[Records to process]

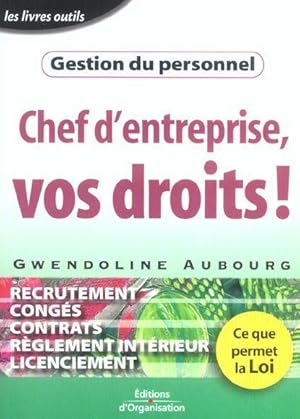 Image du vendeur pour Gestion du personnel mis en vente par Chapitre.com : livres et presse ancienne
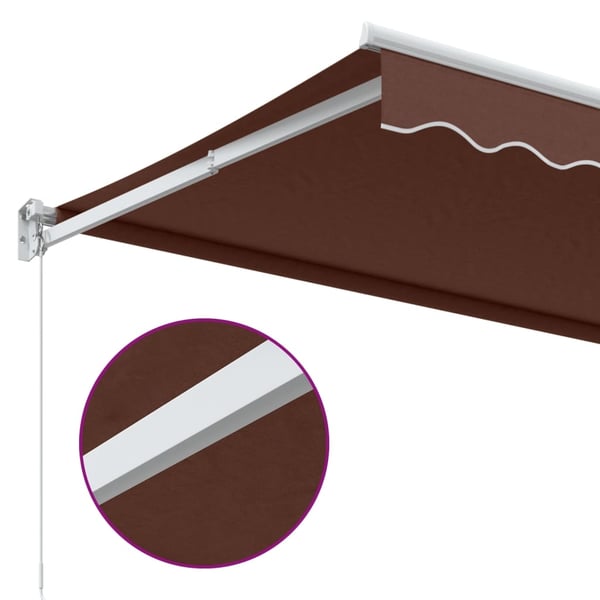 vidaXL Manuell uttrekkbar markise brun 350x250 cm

[/Records to process]
[Records to process]

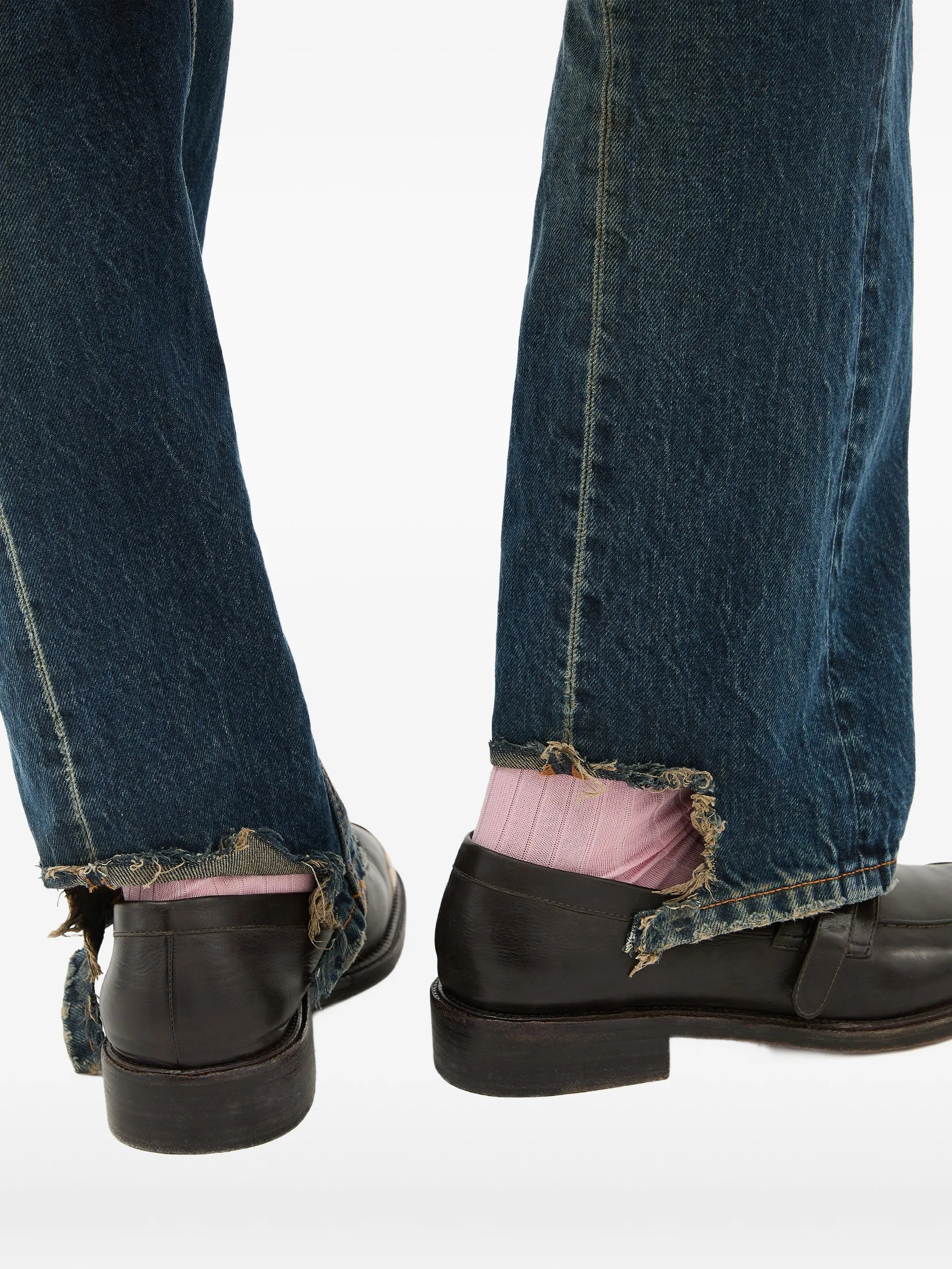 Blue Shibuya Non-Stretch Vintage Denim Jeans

[/Records to process]

Exercise details ::
Within these entries, output exactly the lines starting at the one with "Image du vendeur" and finishing at the one with "vidaXL Manuell uttrekkbar". Leave pictures out of the output.

Answer to the problem ::
 Image du vendeur pour Gestion du personnel mis en vente par Chapitre.com : livres et presse ancienne
 vidaXL Manuell uttrekkbar markise brun 350x250 cm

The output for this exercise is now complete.